私を組み敷いて切なげに眉をよせた泉水ちゃんの顔は、可愛いだけのいつもの彼とは違って、素直にかっこいいと感じた。  
泉水ちゃんが、私の頭を撫でる。  
 
「香織、嫌なら嫌って言ってくれ」  
「………」  
 
優しい泉水ちゃん。  
 
「お前の事、傷つけたくない。ずっと大切にしたいから…」  
「………いよ」  
 
大好きな泉水ちゃん。  
 
「え?」  
「だから、私の事……抱いていいよ」  
 
私は、あなたに愛されたい。  
 
※  
 
「い、泉水ちゃん!」  
「ん?」  
「あの、私、おっぱい小さいから、あの…」  
 
何度かキスを繰り返した後、泉水ちゃんが私のパジャマの上着についたボタンを外し出した。  

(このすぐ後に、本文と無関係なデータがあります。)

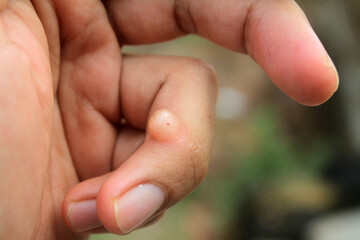 Finger wart on hand. Health concept. body wart
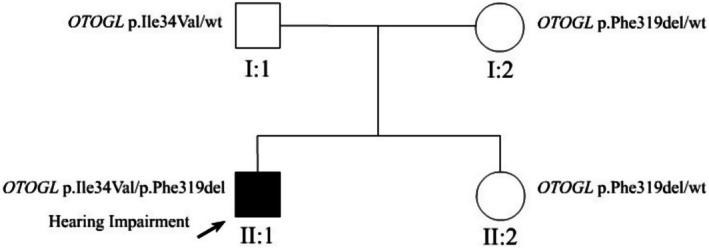 Biallelic Mutations in the Otogelin-Like Gene (OTOGL) Associated With Congenital Non-Syndromic Sensorineural Hearing Loss in a Chinese Family.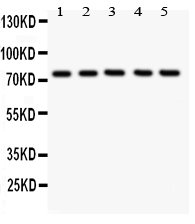 UBB / Ubiquitin B Antibody - anti-12 Lipoxygenase antibody, Western blotting All lanes: Anti ANOX12 at 0.5ug/ml Lane 1: A549 Whole Cell Lysate at 40ug Lane 2: MCF-7 Whole Cell Lysate at 40ug Lane 3: COLO320 Whole Cell Lysate at 40ug Lane 4: JURKAT Whole Cell Lysate at 40ug Lane 5: HELA Whole Cell Lysate at 40ug Predicted bind size: 75KD Observed bind size: 75KD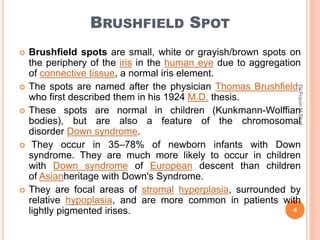 Dots spots lines and rings in ophthalmology | PPT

青と白のチェック柄のブラが見えたとき、急激な羞恥が頭を駆け上がる。  
一生懸命おまじないをしても、ストレッチをしても、牛乳を飲んでも大きくならなかった胸。  
私の周りの女の子は、みんな美人で、胸も大きくて。  
それに比べて、私は…。  
 
「ばーか」  
 
顔を上げると、唇に軽くキスの感触。  
 
「大きかろうが、小さかろうが、えぐれてろうが…香織は香織だろ?大丈夫、気にしねぇよ」  
「…い、泉水ちゃん」  
 
自分のコンプレックスを、優しい言葉でかき消してくれる泉水ちゃん。  
その優しさに泣きそうになる。  
ボタンを外し終わると、泉水ちゃんは青と白のチェックのブラを試行錯誤しながら外した。  
私の胸が、泉水ちゃんの前に晒される。  
 
「…ッ」  
 
泉水ちゃんが息を呑んだのが分かった。  
 
「ごめん、やっぱり小さいのなんて嫌だよね」  
 
元々、泉水ちゃんは巨乳が好きだって公言していたし。  
分かりきっていたことだけど、なんだか悲しくなってくる。  
 
「香織」  
 
声をかけられて、顔を上げると、優しい瞳をした泉水ちゃんと目が合った。